There are shades here of Stephenson’s Baroque Cycle and of Gentle’s own magnum opus, Ash, but 1610 is far less tightly plotted than the former and neither as long or as consistently wrong-footing as the latter. There’s actually nothing wrong with either of those things; it’s a little bit of a relief to know that one need not scrutinise every word of its 750 pages for clues. The book starts with our narrator, French spymaster Rochefort, being blackmailed by Queen Marie de Medici into arranging the assassination of Henri IV of France. He makes arrangements which he’s sure will fail, but by horrible chance they succeed, and soon he’s on the run with infuriatingly insouciant young duellist Dariole, heading to England. There, they encounter Robert Fludd, a (real-life) mathematician and occultist who in this world has mastered the calculation of probabilities. Fludd’s work tells him that, in half a millennium, the world will come to a disastrous end—unless, in 1610, King James I and VI of England and Scotland is assassinated, and his son Prince Henry placed upon the throne. We are therefore in a speculative realm, which I love, and which Gentle blends most effectively with historical truth. Rochefort and Dariole also cross paths with Saburo Tanaka, a shipwrecked samurai on an ambassadorial mission to James; Suor Caterina, an Italian nun hiding out in Cornwall (whence the strong flavour of Stephensonian unlikely-but-possible character interactions); Aemilia Lanier, a poet and playwright who actually lived and is here part of Fludd’s faction; and many others.
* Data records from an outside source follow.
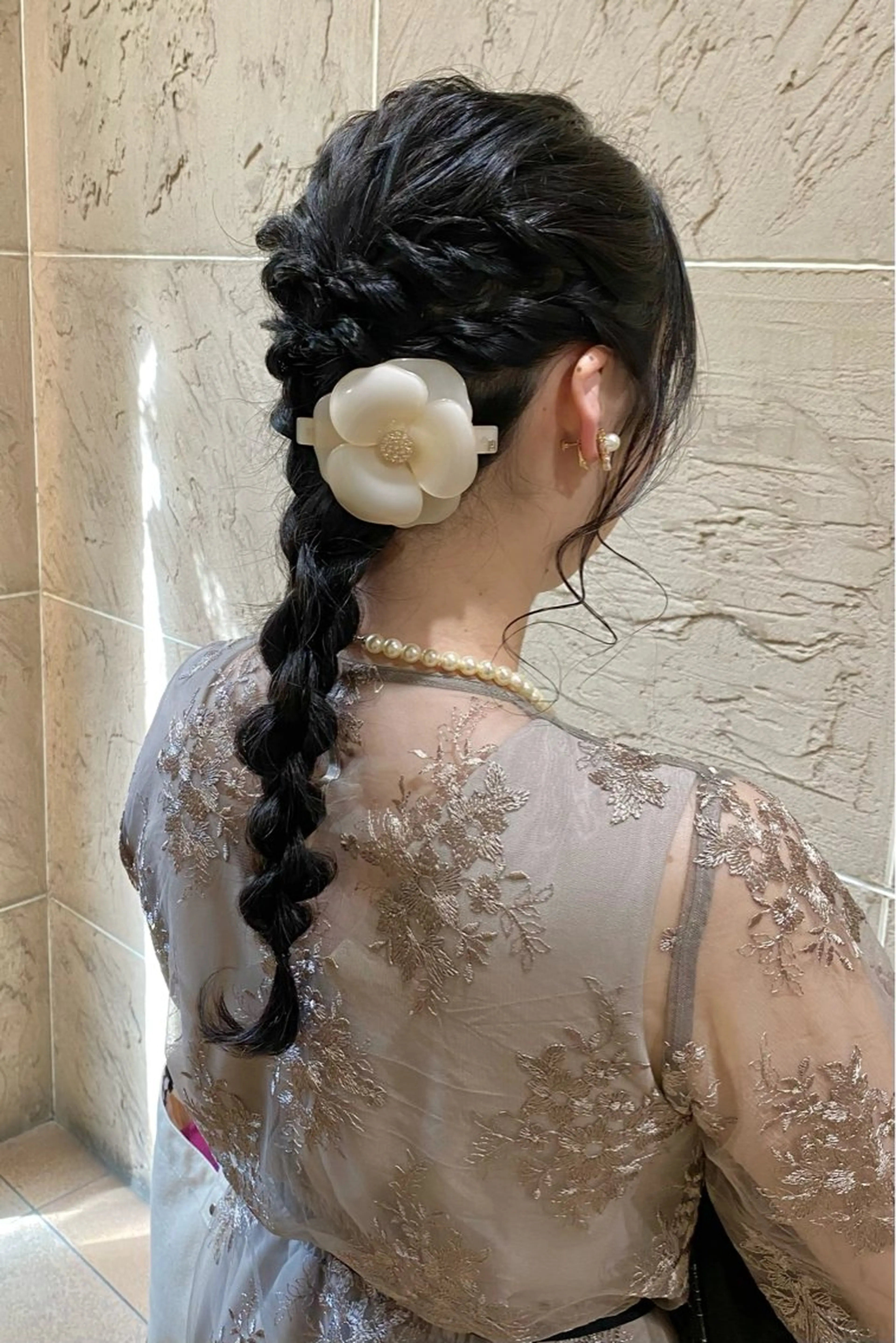 ロング ヘアアレンジ 菊地 紗矢のヘアスタイル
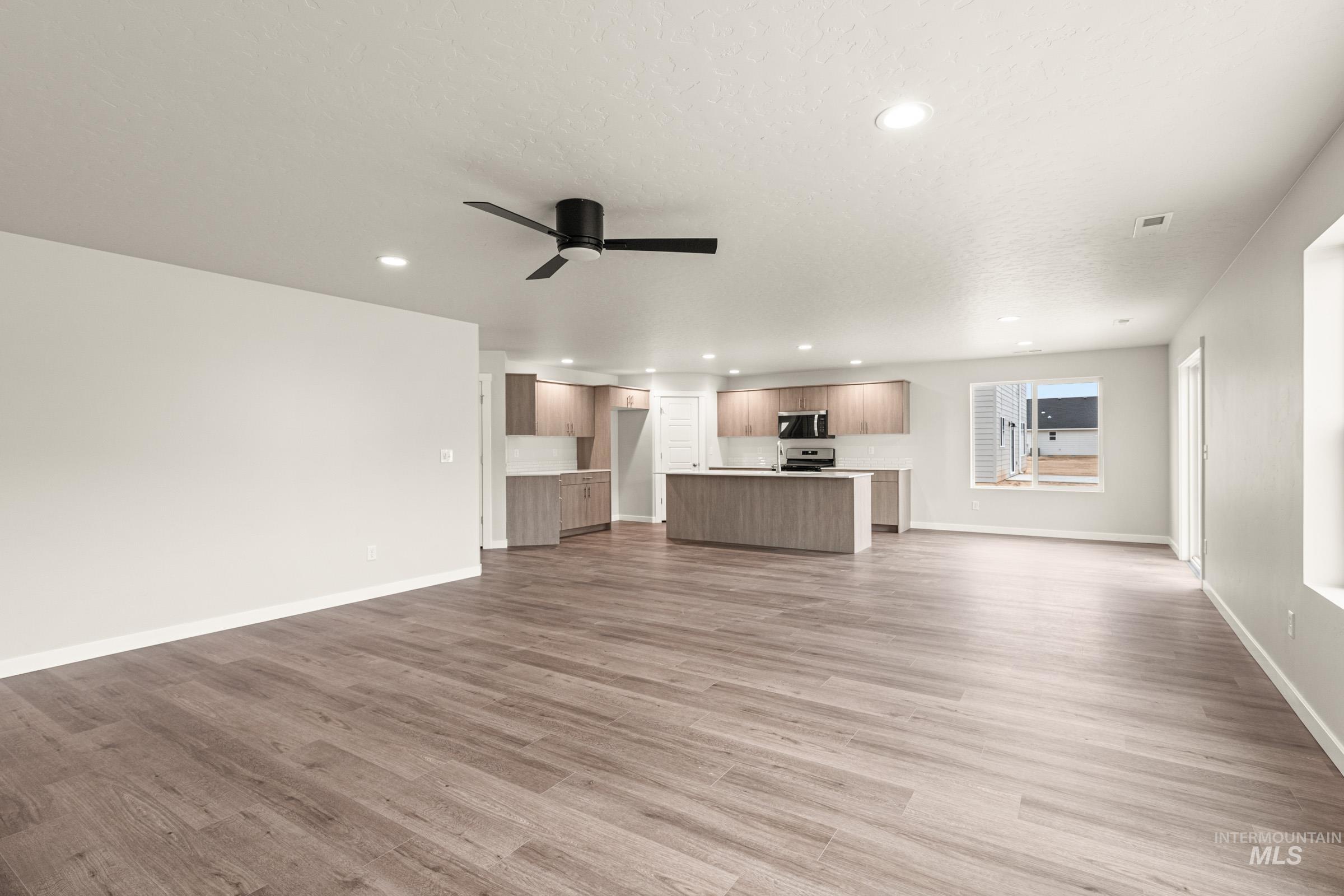 8178 E Cool River Lp, Nampa, Idaho 83687, 4 Bedrooms, 3 Bathrooms, Residential For Sale, Price $589,990, 98974789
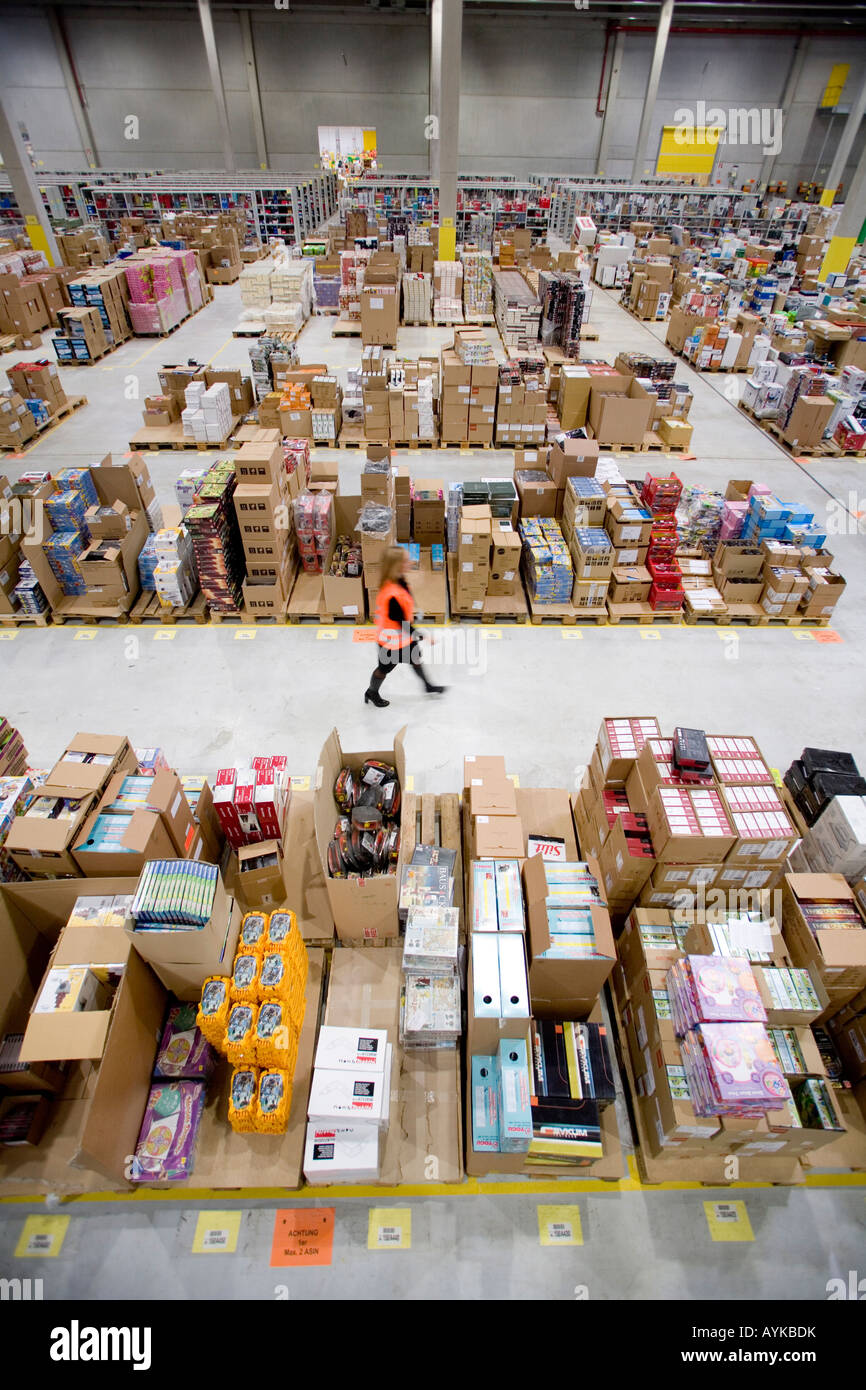 Distributionszentrum der Onlinebestellung Firma Amazon de waren depot Stockfoto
I am not sure how well the writing of Saburo holds up; I could find nothing overtly offensive about it, but he is often described as hard for Europeans to interpret and his arc involves some double-crossing. More troubling and fascinating is the way Gentle deals with rape, which walks a fine line between seventeenth-century attitudes (that a woman so violated is unmarriageable, “spoiled goods”, likely to kill herself afterwards, and so on) and early twenty-first-century ones (that healing is possible but will take a long time; that vengeance is often desired but rarely desirable). On the whole, I think, she manages to make clear the full devastation of rape without allowing it to destroy the character’s life, which feels right—but then it is not clear that she takes the rape of men or male-presenting people as seriously as she does the rape of women, given a scene near the beginning where Rochefort attempts to sexually humiliate Dariole in this way only to find that Dariole’s enthusiastic response renders it impossible. Also fascinating, and rather heartening, is her focus on submission kink, which provides a long-running—almost fanfic-esque—tension between Rochefort and Dariole. Near the end, it is suggested that kink might permit a means of rehabilitating the powerlessness of a person who has been raped, which has been borne out in contemporary studies of the kink community and its efficacy around sexual trauma and trust. I always have a soft spot for novels set in the past which show characters discovering their own sexualities in a manner both true to their personalities and congruent with that society’s vocabulary for and understanding of sex.
This is also book 8 of my 20 Books of Summer.